Factual · Powerful · Original · Iconoclastic
Pesticides, those much maligned chemicals, can be wonderful things. Likewise for fertilizer, when it’s not being used to blow up federal buildings. They are both important tools in making the U.S. the best-fed nation in the world, and in feeding tens of millions of citizens of other nations.
But, as they say, you can have too much of a good thing. Agricultural run-off from these products are the biggest cause of waterway pollution in this country. Pesticides, which are primarily herbicides, can kill plants downstream. Fertilizer run-off makes other plants grow at extraordinary rates. Together, fertilizers and pesticides can be a one-two punch against eco-systems.
The single best example of such destruction is the nation’s largest wetlands, the Everglades. Phosphorous fertilizer run-off from sugar cane has set off a chain reaction, stimulating growth among bacteria and algae and alsofosters the growth of cattails which choke off the marshes, ruining nesting places and destroying animal food supplies. Thousands of acres have been overrun by these super cattails.
Because of such problems, pesticides and fertilizers are heavily targeted by government regulators. And it’s seems only right that the government be involved because, you see, it’s the government that’s responsible for much of the problem.

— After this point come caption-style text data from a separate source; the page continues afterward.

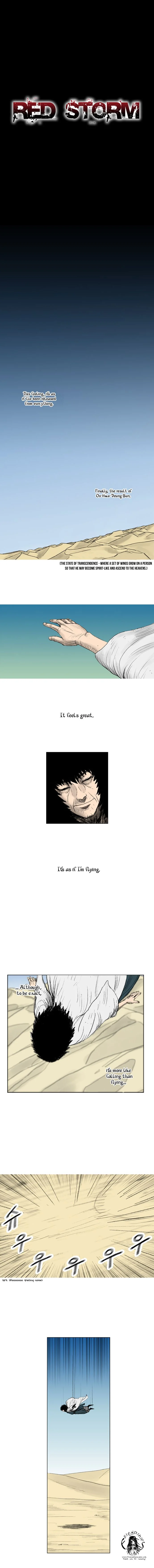 Read Red Storm Manga Online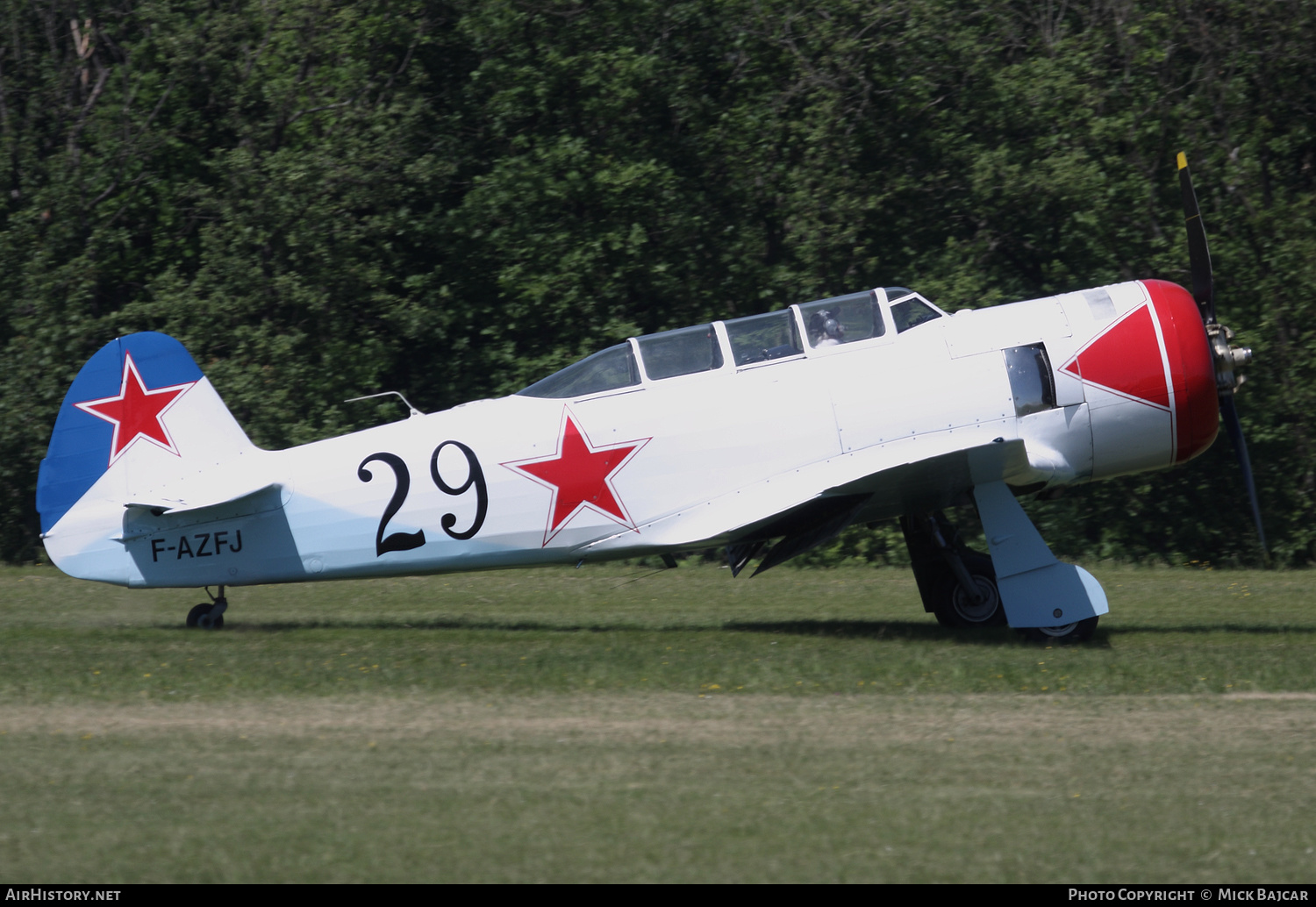 Aircraft Photo of F-AZFJ / 29 black | Let C.11 | Soviet Union - Air Force | AirHistory.net #413327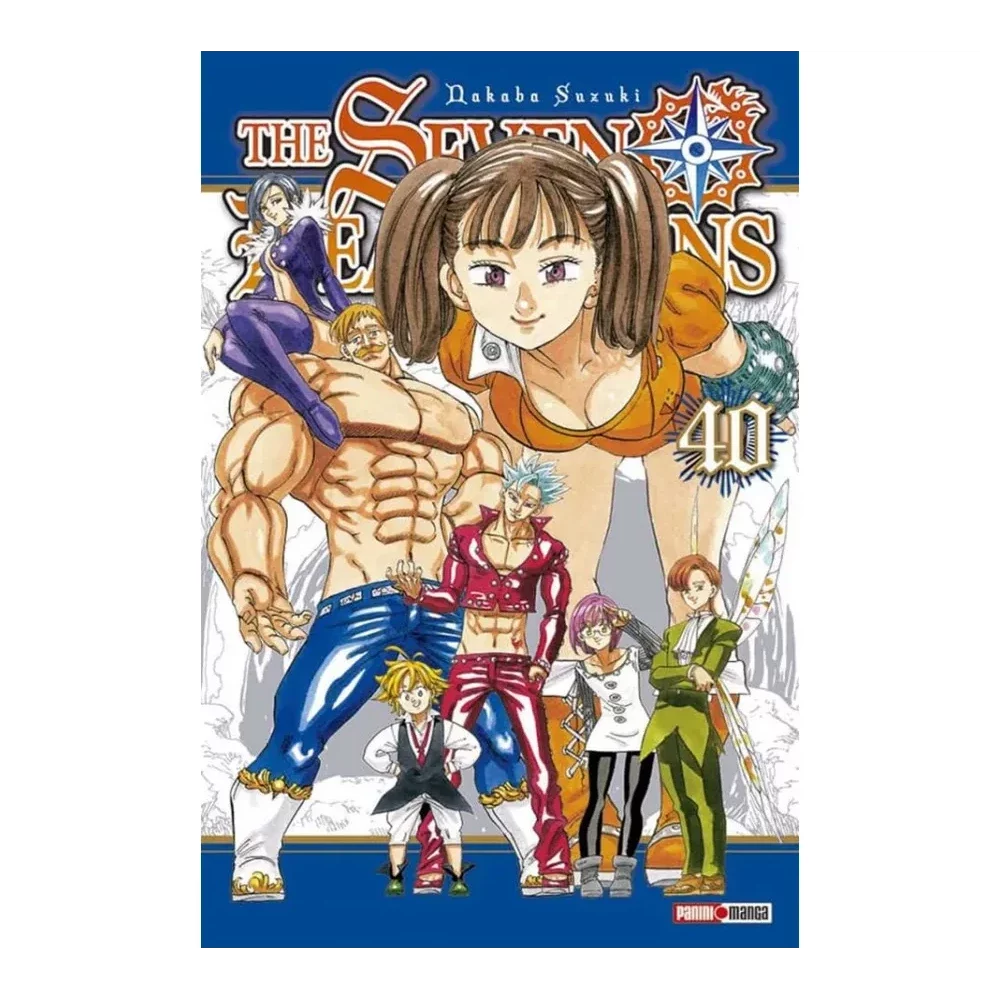 THE SEVEN DEADLY SINS N.40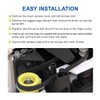 LANMU Replacement Belts Set for Bissell 3071 3067 3072 3109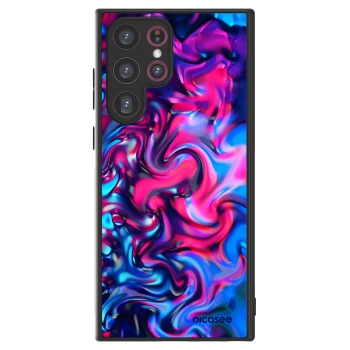 Picasee ULTIMATE CASE PowerShare pro Samsung Galaxy S22 Ultra 5G - Redlight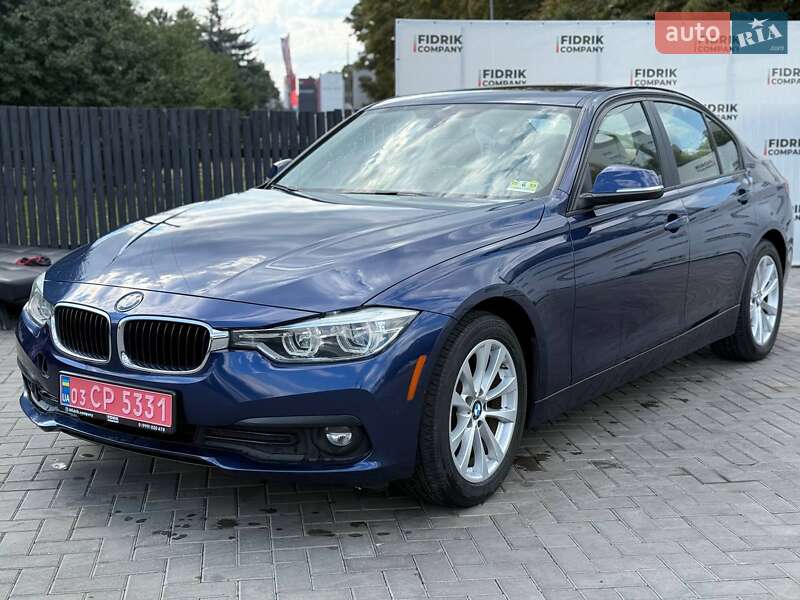Седан BMW 3 Series 2016 в Луцке фото 2 Седан BMW 3 Series 2016 в Луцке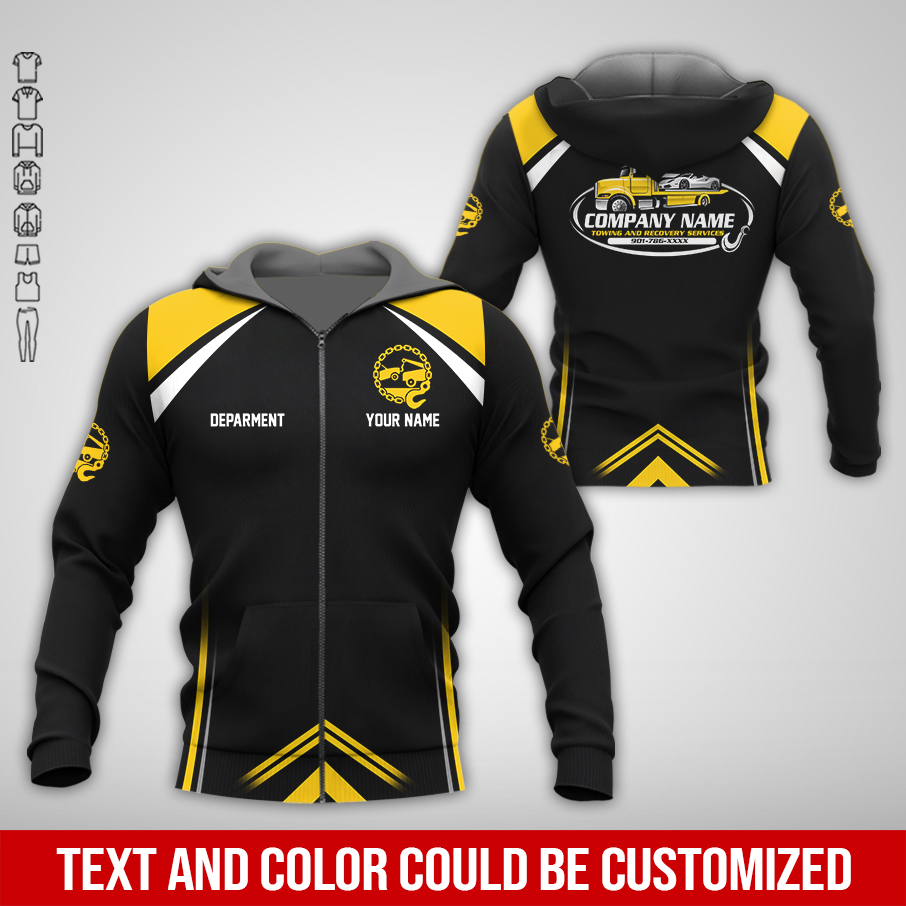 6094492-personalized-name-tow-truck-3d-all-over-printed-clothes-am946-24.jpg Custom Tow Truck 3D Hoodie - photo 24
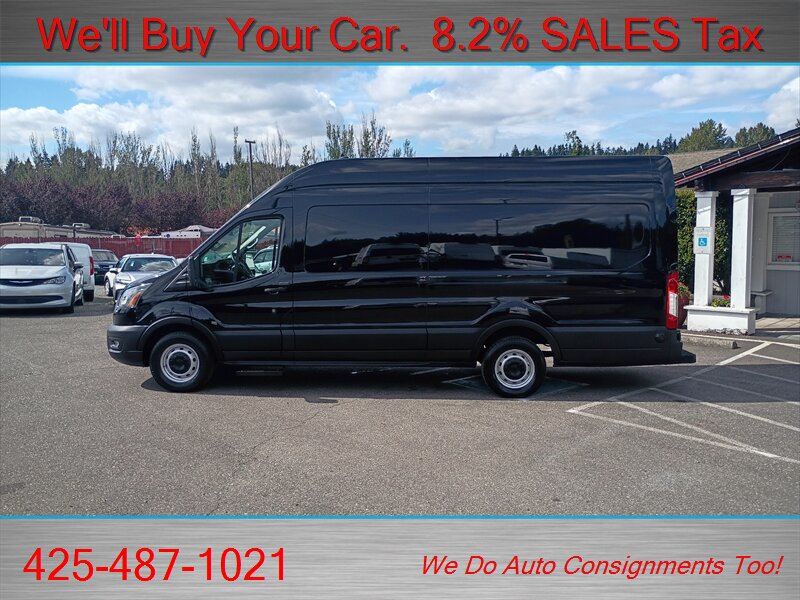 2020 Ford Transit 250 RARE HIGH TOP EXTENDED - Photo 2 - Woodinville, WA 98072
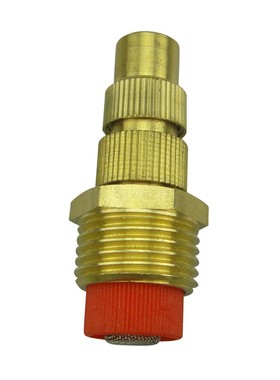 全铜可调高雾化喷头工地降除尘降温农用喷雾喷嘴自动浇花洒水器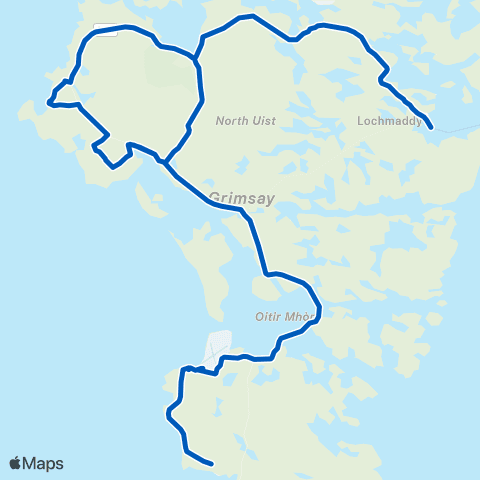 D A Travel School - Co-Op map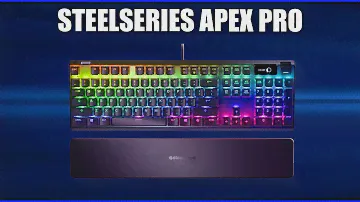 Игровая клавиатура SteelSeries Apex Pro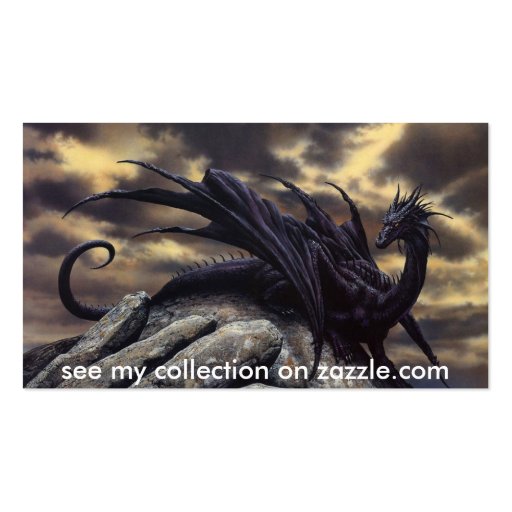 Dragon,_Fantasy, see my collection on zazzle.com Business Card Template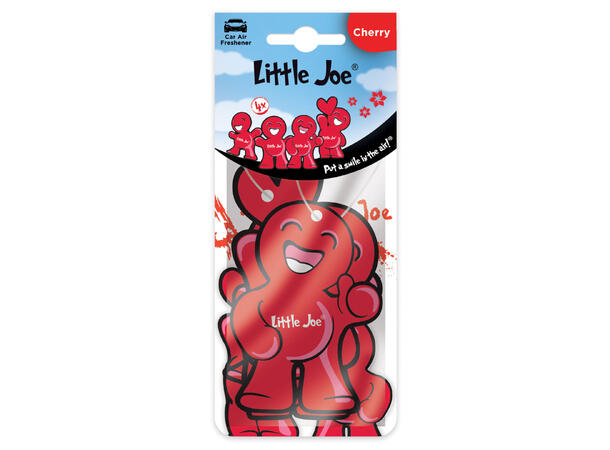 Little Joe® Cherry Paper Funpack Luftfrisker med lukt av Cherry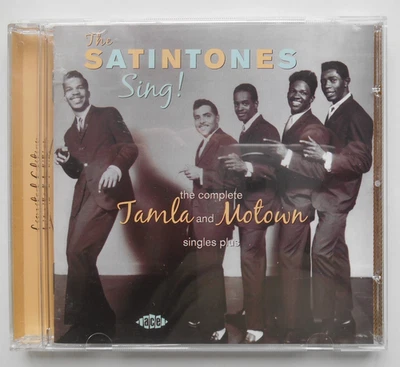 THE SATINTONES Sing - The Complete Tamla & Motown Singles-26-Track Ace CD (2010) - Image 1 of 3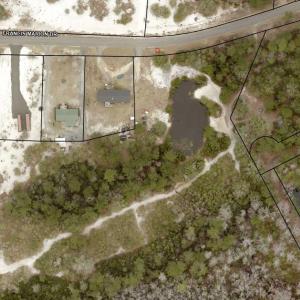 Map / location featuring property parcel outlined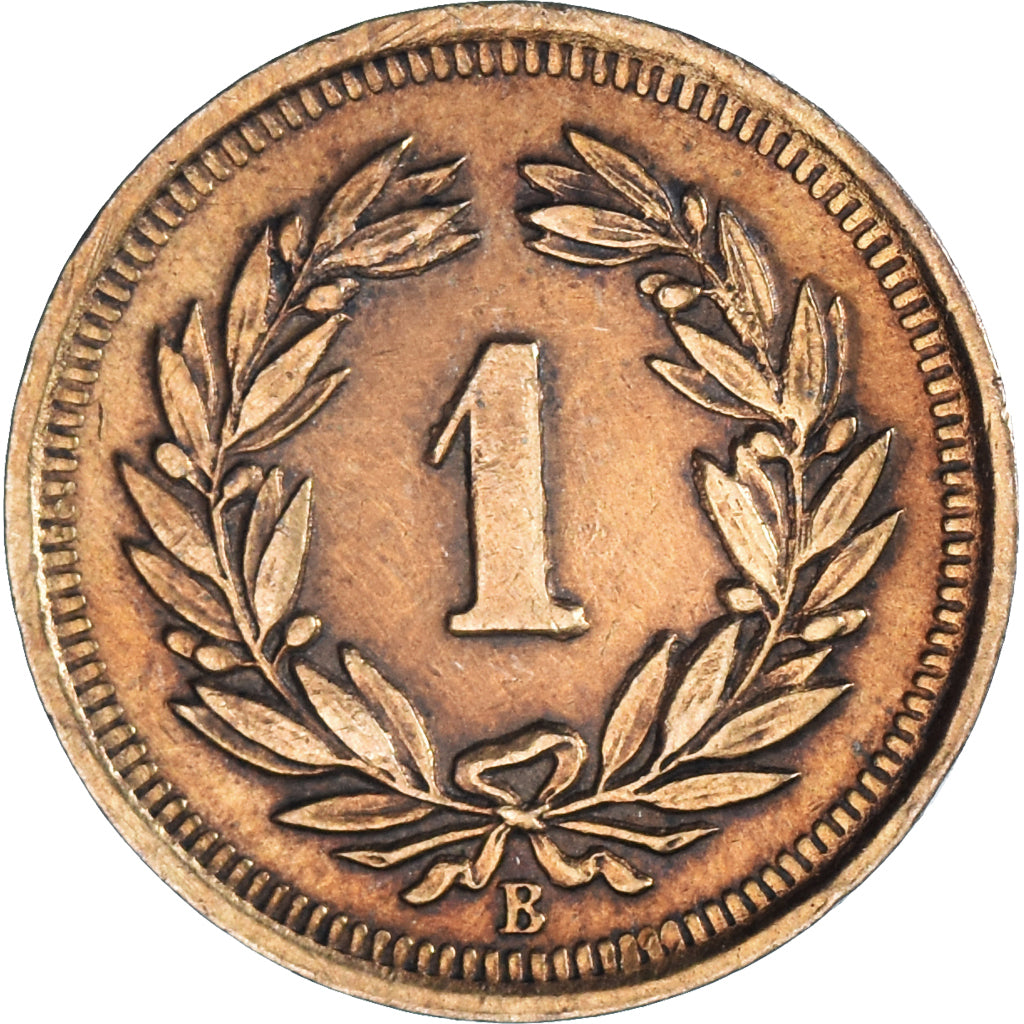 Moneda, Suiza, Rappen, 1941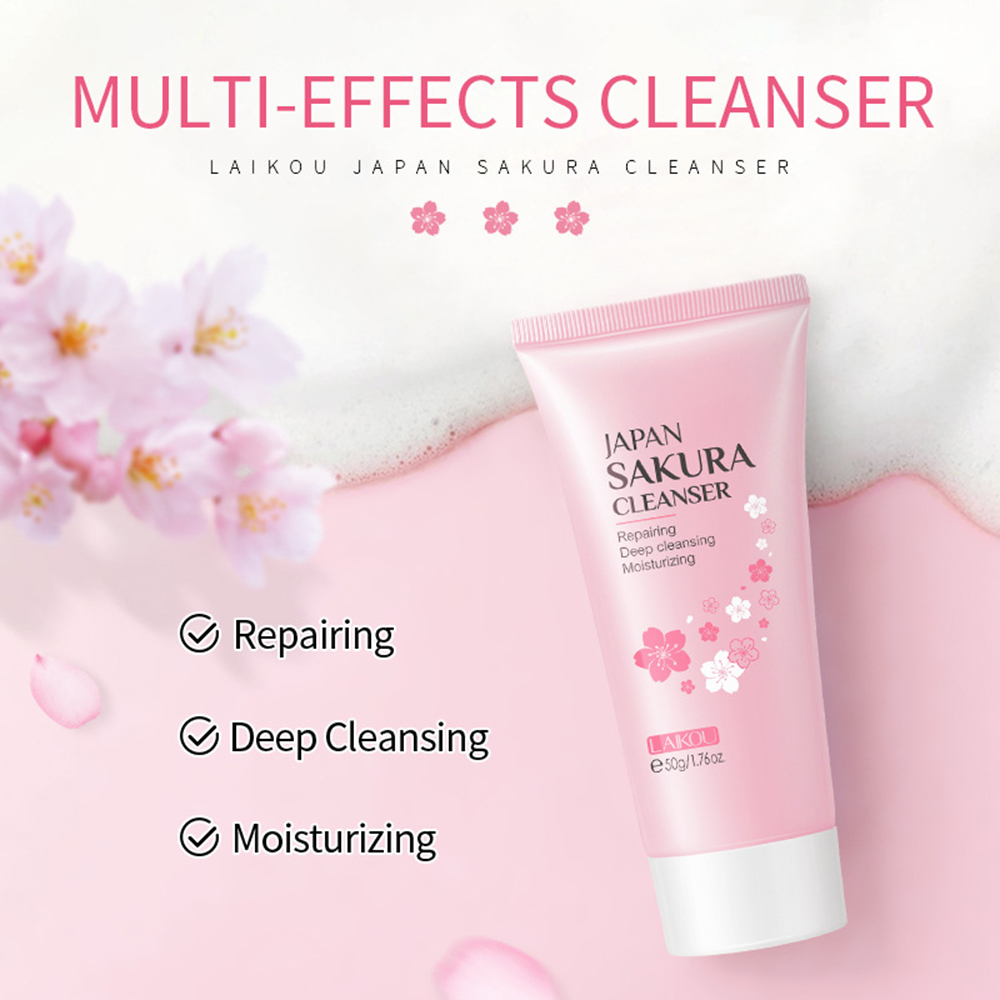 LAIKOU krim kecantikan wajah,  - Hyaluronic Acid Facial Serum ulasan dan harga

That’s the conclusion of a new study from the Competitive Enterprise Institute (CEI) in Washington, D.C. The study analyzed data from six major farms states, and found that eliminating farm subsidies could reduce chemical use per acre by as much as 35%.
This is because under the federal price support program, which applies to many types of crops, the government pays the farmer a guaranteed price for his yield. If, come harvest time, the crops don’t bring in that minimum price the government pays the farmer the difference, called a deficiency payment.
Naturally, this short-circuits the market. Farmers grow extra crops not because there are waiting mouths out there but because the government is paying a bounty. Extra crops require extra pesticides and fertilizer.
But it gets worse. In order to try to limit these extra crops, the government encourages farmers — through additional payments — to keep part of their land idle. But farmers are terrific businessmen, and a heck of a lot smarter than your average bureaucrat. So the farmer goes to extraordinary lengths to get as many crops as he can out of the acreage still in use. This includes pouring on all the more fertilizer and pesticides.
U.S. consumption of plant fertilizer is now close to an all-time high, while pesticide use per acre is at its highest point ever.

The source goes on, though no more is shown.